Activity
Begin at the line below that has "1957 CALTANISSETTA Miniera". Stop after the line that has "Прогулка по Москве-реке", repeating each line exactly and leaving out the pictures.

Material provided

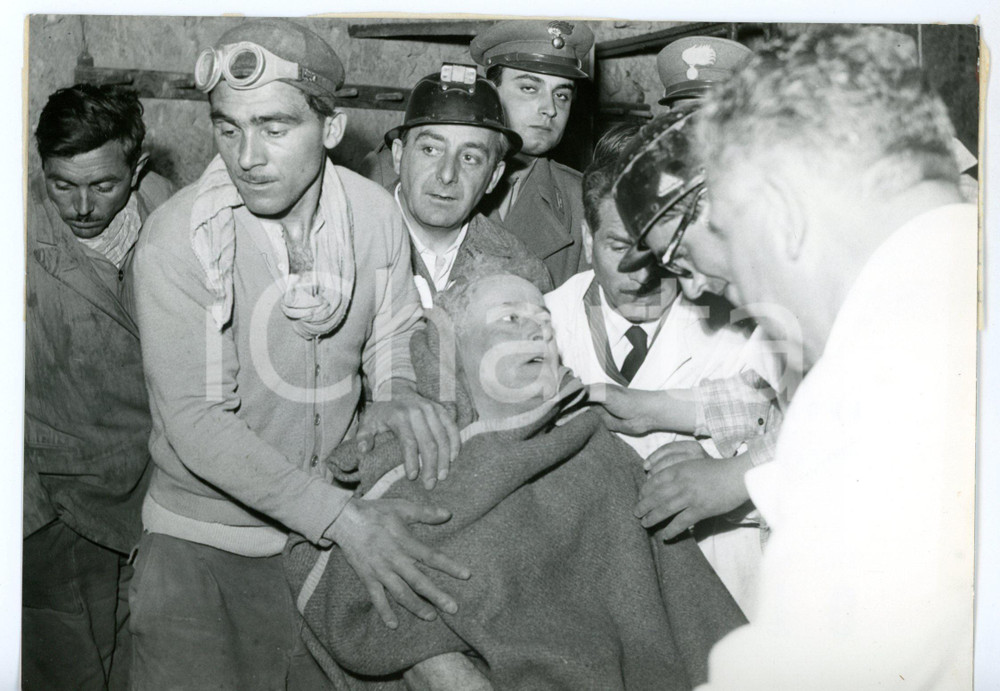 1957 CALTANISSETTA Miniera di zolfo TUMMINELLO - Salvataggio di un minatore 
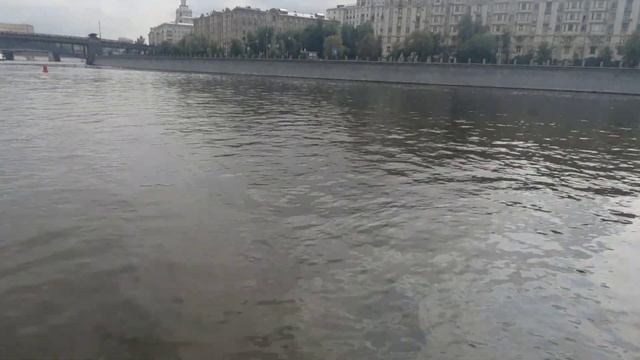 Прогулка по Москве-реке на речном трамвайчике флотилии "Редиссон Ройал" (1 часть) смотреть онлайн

* * *

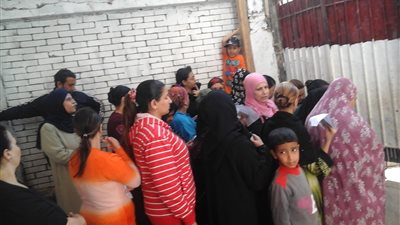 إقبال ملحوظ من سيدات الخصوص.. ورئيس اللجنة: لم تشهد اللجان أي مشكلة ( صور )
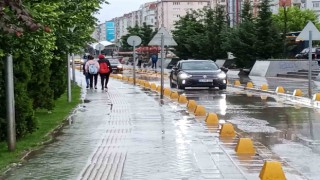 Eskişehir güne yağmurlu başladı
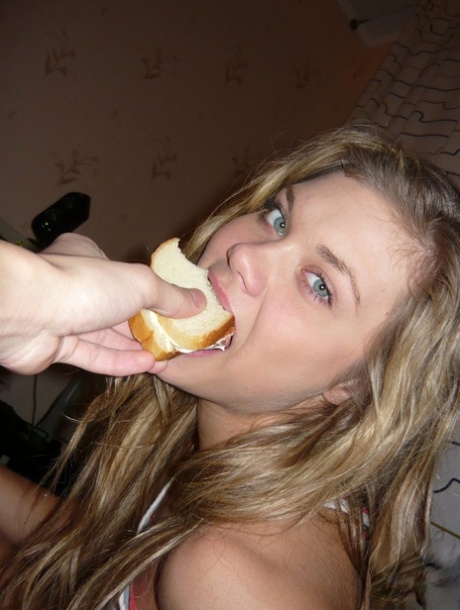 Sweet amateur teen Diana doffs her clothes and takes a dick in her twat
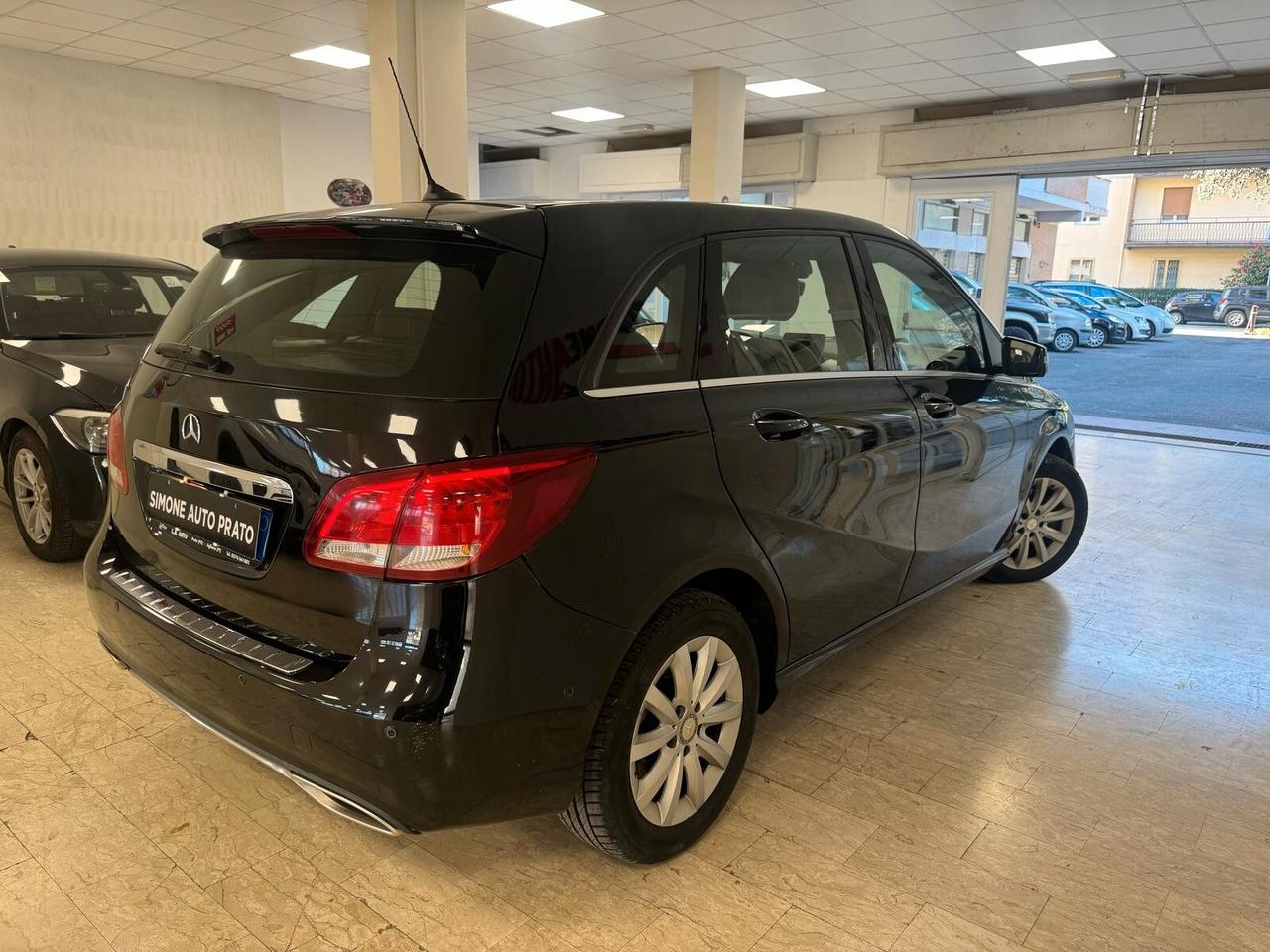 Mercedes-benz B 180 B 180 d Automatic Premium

* * *

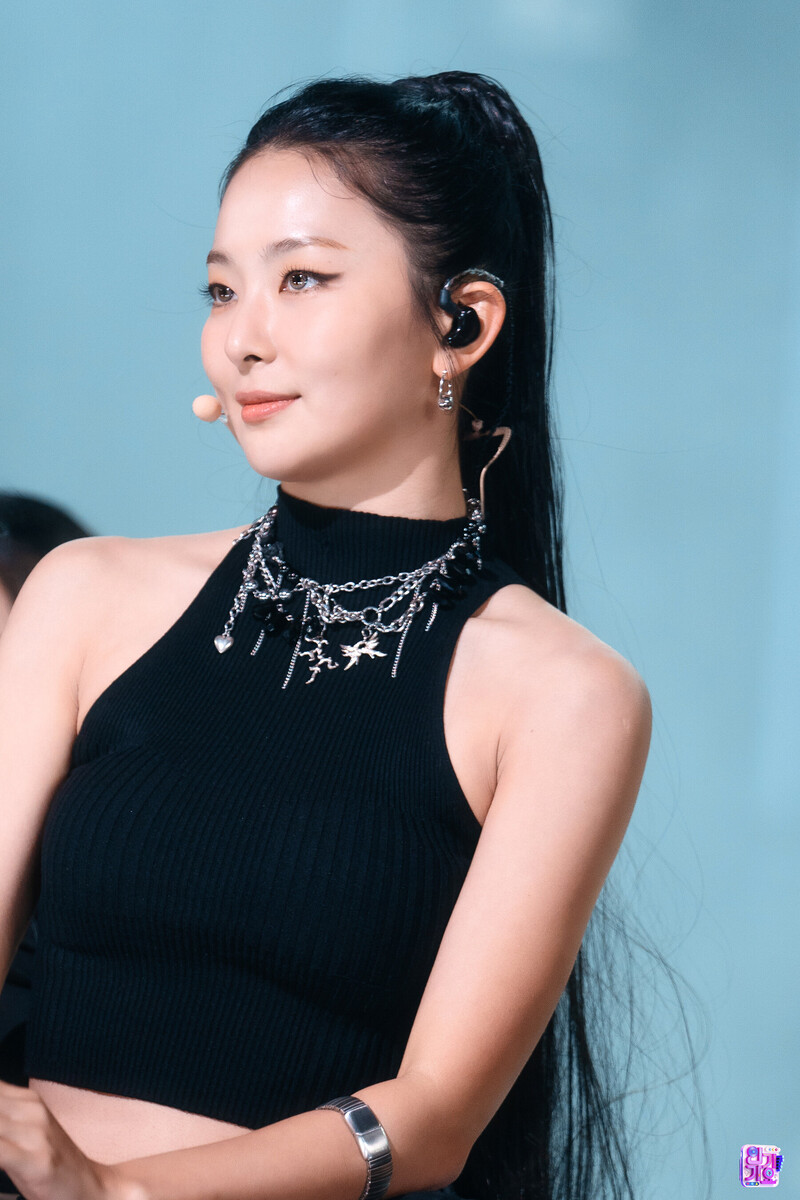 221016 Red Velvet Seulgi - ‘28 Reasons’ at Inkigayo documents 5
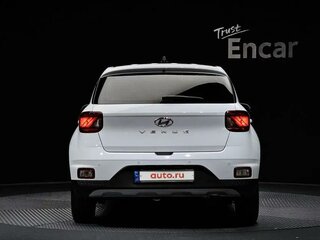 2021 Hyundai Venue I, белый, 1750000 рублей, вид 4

Task result
 1957 CALTANISSETTA Miniera di zolfo TUMMINELLO - Salvataggio di un minatore 
 Прогулка по Москве-реке на речном трамвайчике флотилии "Редиссон Ройал" (1 часть) смотреть онлайн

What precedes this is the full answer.